Enhance Avalanche Library to Support Time Series Data and Models

ContinualAI / avalanche

Avalanche: an End-to-End Library for Continual Learning based on PyTorch.

http://avalanche.continualai.org

MIT License

1.78k stars 290 forks source link

Enhance Avalanche Library to Support Time Series Data and Models #1490

Open irosyadi opened 1 year ago

irosyadi commented 1 year ago

Background Motivation: Currently, Avalanche library lacks comprehensive support for time series data, which has become increasingly popular in industrial settings and language models.

To address this gap, I propose the inclusion of time series models like simple 1D CNN or LSTM, and time series datasets such as ECG or Physionet Challenge into Avalanche. This enhancement would greatly benefit users who require continual learning capabilities for time series tasks, offering a more versatile and valuable toolset.

Thank you for considering this feature request.

AntonioCarta commented 1 year ago

Thanks for the suggestion. I see there is a growing interest in the area. Do you have some benchmarks in mind that are already used in the literature? Would you be available to prepare a pull request to add them?

irosyadi commented 1 year ago

The most frequently used benchmark in time series classification/regression is the UCR datasets, which consists of 128 time-series datasets. Both sktime (a Tensorflow-based Python package) and tsai (a Pytorch-based Python package) have provided comprehensive solutions for data handling and model development, including the SoTA.

Research regarding continual learning with time-series data using Avalanche has already been conducted. The research, titled "Continual Learning for Human State Monitoring", uses the WESAD dataset which is designed for wearable stress and affect detection. The coding information can be found at the following GitHub link: fexed/CLforHSM.

This article, "Continual Deep Learning for Time Series Modeling", provides a review of the ongoing development of CL for time series data.

AntonioCarta commented 1 year ago

@AndreaCossu is an author of the CLforHSM paper. @AndreaCossu what do you think? Bringing the time series data in avalanche may require additional dependencies. Maybe a middle ground solution could be providing a page in the documentation where we list papers using Avalanche categorized by their applications? This way, people can see that different use cases but we don't have to centralize everything in Avalanche, which may be expensive to maintain.
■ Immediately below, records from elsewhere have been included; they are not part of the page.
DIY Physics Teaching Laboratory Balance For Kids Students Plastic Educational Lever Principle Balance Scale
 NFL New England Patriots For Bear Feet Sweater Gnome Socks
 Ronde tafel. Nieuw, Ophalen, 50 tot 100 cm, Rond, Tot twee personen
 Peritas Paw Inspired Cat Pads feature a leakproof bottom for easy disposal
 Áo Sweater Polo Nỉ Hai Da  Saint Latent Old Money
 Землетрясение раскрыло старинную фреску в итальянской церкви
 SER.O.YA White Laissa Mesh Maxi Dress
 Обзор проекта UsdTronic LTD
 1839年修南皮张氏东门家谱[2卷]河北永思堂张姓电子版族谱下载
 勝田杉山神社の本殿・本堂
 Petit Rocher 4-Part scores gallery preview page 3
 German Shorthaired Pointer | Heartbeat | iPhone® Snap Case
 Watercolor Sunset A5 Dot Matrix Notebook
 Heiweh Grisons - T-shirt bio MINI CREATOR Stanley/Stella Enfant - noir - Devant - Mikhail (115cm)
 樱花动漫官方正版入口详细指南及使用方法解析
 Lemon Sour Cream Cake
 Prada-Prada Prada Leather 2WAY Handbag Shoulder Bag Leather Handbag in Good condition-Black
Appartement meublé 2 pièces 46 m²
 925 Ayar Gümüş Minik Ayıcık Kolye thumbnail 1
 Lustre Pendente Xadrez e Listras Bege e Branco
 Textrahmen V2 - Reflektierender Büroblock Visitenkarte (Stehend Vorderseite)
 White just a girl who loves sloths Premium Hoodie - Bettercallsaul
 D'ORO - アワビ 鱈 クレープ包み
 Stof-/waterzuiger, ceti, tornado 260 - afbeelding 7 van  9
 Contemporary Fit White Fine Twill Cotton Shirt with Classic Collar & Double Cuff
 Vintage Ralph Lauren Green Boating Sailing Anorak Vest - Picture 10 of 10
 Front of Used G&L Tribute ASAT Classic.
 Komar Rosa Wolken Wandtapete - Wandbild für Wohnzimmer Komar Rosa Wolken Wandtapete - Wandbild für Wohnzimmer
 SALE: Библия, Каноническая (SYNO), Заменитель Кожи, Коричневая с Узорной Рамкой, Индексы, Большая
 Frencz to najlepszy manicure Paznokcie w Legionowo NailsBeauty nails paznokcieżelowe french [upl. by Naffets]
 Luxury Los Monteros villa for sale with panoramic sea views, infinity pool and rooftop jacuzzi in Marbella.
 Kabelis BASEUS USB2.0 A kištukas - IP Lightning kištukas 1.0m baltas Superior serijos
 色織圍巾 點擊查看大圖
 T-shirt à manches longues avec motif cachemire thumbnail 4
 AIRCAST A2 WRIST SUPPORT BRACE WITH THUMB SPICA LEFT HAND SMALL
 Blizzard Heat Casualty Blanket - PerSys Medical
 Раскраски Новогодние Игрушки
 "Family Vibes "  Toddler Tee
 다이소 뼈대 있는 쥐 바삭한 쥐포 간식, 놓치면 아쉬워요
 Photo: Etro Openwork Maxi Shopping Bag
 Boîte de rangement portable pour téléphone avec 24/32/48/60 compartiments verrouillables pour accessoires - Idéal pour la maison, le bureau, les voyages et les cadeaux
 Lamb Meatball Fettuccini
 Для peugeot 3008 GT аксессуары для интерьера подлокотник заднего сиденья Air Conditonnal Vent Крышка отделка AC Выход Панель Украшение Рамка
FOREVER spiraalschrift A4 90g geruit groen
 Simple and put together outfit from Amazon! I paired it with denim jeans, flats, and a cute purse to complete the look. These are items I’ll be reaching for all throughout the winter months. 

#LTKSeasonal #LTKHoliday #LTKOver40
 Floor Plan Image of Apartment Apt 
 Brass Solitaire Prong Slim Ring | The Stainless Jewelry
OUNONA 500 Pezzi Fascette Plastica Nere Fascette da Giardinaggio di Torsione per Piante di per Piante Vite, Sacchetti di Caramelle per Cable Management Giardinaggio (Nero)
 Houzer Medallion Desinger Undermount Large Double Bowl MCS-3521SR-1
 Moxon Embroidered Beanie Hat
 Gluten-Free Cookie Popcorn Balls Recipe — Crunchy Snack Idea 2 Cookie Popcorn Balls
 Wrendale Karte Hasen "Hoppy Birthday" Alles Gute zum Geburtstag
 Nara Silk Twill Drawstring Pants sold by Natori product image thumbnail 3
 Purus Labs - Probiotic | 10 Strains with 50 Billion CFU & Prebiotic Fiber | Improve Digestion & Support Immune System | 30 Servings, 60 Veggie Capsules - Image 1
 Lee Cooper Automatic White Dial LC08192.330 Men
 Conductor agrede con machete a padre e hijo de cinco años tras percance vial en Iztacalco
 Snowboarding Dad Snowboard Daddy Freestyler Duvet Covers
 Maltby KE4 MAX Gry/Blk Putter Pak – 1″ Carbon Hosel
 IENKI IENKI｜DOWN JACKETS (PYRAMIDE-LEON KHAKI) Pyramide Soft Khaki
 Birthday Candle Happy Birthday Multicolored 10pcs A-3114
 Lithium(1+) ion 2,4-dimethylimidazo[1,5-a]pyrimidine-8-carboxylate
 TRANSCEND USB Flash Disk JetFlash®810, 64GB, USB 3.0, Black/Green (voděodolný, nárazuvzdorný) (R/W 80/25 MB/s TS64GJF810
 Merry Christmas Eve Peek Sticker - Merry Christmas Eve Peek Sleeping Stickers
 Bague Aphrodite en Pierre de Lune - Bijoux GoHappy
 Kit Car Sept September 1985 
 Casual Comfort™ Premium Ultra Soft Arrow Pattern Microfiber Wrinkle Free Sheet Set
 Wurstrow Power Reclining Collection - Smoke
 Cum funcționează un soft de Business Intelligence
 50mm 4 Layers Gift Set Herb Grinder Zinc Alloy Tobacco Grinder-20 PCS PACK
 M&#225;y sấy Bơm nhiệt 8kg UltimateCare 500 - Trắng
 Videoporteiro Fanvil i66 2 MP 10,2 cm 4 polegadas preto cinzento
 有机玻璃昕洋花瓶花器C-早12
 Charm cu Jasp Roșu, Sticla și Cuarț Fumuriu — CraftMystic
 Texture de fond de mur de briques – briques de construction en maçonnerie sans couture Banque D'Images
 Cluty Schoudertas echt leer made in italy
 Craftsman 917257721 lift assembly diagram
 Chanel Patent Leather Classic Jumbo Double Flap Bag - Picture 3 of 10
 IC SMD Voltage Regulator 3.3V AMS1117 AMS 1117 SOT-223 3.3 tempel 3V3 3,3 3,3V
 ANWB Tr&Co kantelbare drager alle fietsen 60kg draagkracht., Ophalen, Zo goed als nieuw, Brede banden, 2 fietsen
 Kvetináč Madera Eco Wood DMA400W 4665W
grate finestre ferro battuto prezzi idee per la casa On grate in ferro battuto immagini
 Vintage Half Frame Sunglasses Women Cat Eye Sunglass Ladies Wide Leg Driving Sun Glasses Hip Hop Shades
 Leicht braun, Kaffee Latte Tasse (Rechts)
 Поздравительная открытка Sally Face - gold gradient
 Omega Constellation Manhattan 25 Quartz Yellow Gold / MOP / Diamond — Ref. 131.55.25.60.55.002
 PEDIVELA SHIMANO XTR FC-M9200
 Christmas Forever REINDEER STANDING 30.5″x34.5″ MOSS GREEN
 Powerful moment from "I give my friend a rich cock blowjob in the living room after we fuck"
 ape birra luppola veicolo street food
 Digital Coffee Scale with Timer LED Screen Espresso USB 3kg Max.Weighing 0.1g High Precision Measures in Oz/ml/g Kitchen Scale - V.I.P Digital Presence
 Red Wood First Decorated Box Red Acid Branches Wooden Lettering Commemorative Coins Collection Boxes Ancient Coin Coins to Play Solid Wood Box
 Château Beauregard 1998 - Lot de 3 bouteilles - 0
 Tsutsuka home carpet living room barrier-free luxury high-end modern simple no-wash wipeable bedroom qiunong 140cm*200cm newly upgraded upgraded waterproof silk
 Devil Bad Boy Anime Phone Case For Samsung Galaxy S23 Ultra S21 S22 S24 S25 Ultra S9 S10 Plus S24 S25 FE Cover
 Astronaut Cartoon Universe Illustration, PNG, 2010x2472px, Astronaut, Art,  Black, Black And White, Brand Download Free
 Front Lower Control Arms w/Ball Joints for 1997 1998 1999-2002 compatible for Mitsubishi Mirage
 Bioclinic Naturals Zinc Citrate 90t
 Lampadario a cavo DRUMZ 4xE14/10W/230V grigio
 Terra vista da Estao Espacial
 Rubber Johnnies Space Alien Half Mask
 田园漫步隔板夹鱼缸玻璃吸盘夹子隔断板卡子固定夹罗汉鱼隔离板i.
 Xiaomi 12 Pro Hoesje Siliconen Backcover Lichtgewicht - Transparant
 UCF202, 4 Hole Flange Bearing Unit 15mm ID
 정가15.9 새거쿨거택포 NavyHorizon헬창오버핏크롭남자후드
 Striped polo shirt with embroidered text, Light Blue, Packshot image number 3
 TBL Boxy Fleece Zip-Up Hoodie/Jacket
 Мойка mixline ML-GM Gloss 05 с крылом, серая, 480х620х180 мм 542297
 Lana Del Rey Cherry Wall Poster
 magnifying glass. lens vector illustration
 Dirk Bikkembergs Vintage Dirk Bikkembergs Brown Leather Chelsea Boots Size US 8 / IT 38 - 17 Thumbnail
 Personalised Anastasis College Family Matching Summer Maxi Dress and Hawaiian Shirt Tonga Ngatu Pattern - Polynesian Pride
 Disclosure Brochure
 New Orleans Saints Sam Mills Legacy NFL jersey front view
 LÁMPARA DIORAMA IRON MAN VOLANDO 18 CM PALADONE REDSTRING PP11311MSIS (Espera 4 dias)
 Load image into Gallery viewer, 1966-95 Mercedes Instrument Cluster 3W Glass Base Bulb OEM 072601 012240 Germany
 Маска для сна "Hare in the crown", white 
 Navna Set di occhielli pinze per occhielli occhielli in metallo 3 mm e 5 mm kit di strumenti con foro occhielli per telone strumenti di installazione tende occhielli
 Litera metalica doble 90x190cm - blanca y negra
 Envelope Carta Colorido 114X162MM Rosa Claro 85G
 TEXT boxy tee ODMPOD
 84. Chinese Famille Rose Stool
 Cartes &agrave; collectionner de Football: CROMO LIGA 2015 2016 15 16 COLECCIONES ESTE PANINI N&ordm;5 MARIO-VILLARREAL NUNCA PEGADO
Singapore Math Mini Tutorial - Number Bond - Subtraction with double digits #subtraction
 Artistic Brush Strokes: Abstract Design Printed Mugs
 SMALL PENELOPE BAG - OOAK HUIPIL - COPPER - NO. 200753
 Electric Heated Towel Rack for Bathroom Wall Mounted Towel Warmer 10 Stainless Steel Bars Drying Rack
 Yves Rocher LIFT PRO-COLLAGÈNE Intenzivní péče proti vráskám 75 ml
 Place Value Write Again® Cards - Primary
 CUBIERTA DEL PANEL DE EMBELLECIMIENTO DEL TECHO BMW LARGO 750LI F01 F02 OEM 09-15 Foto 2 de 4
AndreaCossu commented 1 year ago

The inclusion of custom models to deal with temporal data is not necessary, since any PyTorch model works in Avalanche as well. We already provide a very simple sequence classifier, but other models can be easily created.
We have an example on how to implement a continual learning pipeline for sequence classification here
I agree that including some benchmarks for time series would be helpful. However, I don't think adding a popular time series data would help much. Instead, it would be very nice to include time series benchmarks that are used in continual learning. I would be happy to review a PR about this. As for the dependencies, if they are widely used/well maintained I think we could consider adding 1 or 2 (optional).